The study population consisted of 103 patients with their first STEMI treated with thrombolysis. Blood samples for determination of cTnT were drawn the third morning after onset of symptoms. Infarct size and LVEF were assessed by magnetic resonance imaging 3 months later.
Linear regression analysis showed a strong, significant correlation between third-day cTnT and infarct size at 3 months (r = 0.84, p < 0.0001). A significant but inverse and weaker correlation was obtained between third-day cTnT and LVEF (r = -0.63, p < 0.0001). Adjusting for age, gender, infarct location and medication changed the results marginally.
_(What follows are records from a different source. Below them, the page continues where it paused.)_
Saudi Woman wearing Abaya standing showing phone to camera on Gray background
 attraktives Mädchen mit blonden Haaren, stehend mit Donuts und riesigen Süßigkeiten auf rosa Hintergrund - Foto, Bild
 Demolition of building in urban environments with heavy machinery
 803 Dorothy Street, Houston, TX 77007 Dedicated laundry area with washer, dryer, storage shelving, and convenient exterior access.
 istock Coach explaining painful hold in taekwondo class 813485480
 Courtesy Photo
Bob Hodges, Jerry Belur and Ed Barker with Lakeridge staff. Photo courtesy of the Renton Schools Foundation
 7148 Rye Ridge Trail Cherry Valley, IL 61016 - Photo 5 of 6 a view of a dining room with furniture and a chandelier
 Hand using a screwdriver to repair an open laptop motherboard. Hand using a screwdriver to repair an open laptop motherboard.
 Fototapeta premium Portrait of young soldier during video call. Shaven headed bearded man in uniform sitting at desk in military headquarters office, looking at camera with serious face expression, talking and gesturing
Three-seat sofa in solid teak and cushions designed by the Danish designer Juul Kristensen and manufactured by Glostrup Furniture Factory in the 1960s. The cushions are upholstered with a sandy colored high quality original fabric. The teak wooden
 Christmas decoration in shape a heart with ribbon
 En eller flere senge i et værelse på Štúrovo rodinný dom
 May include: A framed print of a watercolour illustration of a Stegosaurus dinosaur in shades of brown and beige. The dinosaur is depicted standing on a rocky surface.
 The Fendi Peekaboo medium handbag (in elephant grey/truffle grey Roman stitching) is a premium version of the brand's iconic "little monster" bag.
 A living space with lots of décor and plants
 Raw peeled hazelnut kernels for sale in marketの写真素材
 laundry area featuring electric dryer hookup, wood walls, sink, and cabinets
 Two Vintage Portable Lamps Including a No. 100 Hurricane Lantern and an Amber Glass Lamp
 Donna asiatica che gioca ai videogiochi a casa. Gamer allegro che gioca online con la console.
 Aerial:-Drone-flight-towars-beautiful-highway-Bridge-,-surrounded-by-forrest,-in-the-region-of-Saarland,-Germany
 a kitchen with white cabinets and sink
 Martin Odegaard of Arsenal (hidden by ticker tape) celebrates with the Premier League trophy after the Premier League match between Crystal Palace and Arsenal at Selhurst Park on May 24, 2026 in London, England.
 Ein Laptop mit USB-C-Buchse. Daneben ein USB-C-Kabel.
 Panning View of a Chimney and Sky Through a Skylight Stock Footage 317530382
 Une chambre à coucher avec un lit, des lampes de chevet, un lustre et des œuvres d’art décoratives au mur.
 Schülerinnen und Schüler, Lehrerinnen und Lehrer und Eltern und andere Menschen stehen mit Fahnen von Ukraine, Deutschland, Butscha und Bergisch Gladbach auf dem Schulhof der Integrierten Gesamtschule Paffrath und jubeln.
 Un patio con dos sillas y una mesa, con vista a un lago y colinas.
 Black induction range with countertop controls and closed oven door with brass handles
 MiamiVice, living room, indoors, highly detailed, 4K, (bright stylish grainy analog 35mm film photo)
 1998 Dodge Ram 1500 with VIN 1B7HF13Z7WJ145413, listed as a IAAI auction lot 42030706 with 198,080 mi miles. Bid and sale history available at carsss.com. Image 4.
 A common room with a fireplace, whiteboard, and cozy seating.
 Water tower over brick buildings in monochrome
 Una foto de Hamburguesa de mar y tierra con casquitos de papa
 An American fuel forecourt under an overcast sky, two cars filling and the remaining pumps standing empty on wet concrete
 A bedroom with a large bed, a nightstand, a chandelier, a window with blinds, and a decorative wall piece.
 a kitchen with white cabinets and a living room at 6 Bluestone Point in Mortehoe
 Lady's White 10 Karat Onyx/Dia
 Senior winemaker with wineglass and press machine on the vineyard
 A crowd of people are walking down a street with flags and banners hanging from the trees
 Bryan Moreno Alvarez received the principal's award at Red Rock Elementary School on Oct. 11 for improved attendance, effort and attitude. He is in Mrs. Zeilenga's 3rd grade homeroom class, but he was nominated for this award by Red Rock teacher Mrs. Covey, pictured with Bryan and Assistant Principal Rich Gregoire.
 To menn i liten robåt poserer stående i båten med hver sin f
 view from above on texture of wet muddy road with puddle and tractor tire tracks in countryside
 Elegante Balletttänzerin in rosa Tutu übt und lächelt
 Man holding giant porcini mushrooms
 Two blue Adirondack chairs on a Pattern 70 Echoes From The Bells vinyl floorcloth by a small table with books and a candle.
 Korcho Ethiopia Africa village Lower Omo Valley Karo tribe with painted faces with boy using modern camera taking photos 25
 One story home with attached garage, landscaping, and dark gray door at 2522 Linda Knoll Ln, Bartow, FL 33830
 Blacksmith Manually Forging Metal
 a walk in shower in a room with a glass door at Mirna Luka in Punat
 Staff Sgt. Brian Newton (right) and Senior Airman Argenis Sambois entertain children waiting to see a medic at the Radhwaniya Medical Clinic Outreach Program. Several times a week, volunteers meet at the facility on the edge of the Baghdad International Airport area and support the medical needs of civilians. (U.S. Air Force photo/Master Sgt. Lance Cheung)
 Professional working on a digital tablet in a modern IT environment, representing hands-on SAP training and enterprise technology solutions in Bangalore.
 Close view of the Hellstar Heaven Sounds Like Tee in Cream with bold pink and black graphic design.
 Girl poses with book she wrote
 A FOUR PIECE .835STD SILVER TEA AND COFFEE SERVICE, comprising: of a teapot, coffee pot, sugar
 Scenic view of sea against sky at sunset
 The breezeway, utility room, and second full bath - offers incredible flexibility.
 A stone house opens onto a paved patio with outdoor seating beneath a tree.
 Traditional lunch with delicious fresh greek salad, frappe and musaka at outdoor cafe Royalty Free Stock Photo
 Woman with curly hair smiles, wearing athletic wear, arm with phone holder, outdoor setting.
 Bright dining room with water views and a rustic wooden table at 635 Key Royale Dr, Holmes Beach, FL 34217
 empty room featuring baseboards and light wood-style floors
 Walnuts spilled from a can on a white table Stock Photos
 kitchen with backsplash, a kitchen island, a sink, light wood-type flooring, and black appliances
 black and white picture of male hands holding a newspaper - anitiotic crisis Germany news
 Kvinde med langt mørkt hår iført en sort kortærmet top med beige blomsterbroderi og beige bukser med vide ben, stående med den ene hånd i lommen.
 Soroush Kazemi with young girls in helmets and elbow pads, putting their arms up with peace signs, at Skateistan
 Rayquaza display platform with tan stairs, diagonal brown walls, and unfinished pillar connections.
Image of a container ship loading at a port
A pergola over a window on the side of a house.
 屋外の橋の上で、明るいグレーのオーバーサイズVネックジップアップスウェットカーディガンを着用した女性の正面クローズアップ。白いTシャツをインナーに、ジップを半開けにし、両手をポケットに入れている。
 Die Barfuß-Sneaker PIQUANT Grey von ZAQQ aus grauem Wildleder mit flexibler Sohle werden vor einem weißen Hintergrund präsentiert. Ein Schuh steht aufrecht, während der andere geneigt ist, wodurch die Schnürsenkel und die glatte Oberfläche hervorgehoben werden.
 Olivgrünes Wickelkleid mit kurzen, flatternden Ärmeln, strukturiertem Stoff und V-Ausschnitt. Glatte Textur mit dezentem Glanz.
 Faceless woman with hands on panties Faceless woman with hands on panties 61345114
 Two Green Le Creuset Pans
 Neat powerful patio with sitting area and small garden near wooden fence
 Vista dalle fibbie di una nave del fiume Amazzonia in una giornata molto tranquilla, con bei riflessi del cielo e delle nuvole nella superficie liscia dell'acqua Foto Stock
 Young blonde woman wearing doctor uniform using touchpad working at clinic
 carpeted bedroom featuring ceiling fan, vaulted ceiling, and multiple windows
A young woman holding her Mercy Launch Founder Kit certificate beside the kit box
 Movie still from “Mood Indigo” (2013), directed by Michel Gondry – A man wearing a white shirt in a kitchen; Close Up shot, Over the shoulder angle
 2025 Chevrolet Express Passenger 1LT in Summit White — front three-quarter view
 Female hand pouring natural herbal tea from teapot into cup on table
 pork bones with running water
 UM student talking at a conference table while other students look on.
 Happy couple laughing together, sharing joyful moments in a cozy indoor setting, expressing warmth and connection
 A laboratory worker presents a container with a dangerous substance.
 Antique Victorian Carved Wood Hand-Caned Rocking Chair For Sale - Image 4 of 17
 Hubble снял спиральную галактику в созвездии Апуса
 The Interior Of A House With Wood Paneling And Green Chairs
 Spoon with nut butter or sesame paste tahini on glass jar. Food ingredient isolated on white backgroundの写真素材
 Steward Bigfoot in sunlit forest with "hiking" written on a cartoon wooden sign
A single cTnT value the third morning after onset of STEMI predicted the final infarct size in this group of patients with their first STEMI, and might be useful for ruling out impaired LVEF.
评估急性心肌梗死后的梗死面积和左心室功能对于预测后续临床病程至关重要。这种评估可以通过非侵入性成像方法实现,但生化检测也经常作为一种替代方法使用。我们研究了在ST段抬高型心肌梗死(STEMI)发病后第三天早晨单次测量心肌肌钙蛋白T(cTnT)预测梗死面积和左心室射血分数(LVEF)的能力。
研究人群包括103例接受溶栓治疗的首次STEMI患者。在症状发作后第三天早晨采集用于测定cTnT的血样。3个月后通过磁共振成像评估梗死面积和LVEF。
线性回归分析显示第三天的cTnT与3个月时的梗死面积之间存在强烈、显著的相关性(r = 0.84,p < 0.0001)。第三天的cTnT与LVEF之间存在显著但呈负相关且较弱的相关性(r = -0.63,p < 0.0001)。对年龄、性别、梗死部位和用药进行校正后,结果仅有轻微变化。
在这组首次发生STEMI的患者中,STEMI发病后第三天早晨的单次cTnT值可预测最终梗死面积,可能有助于排除LVEF受损情况。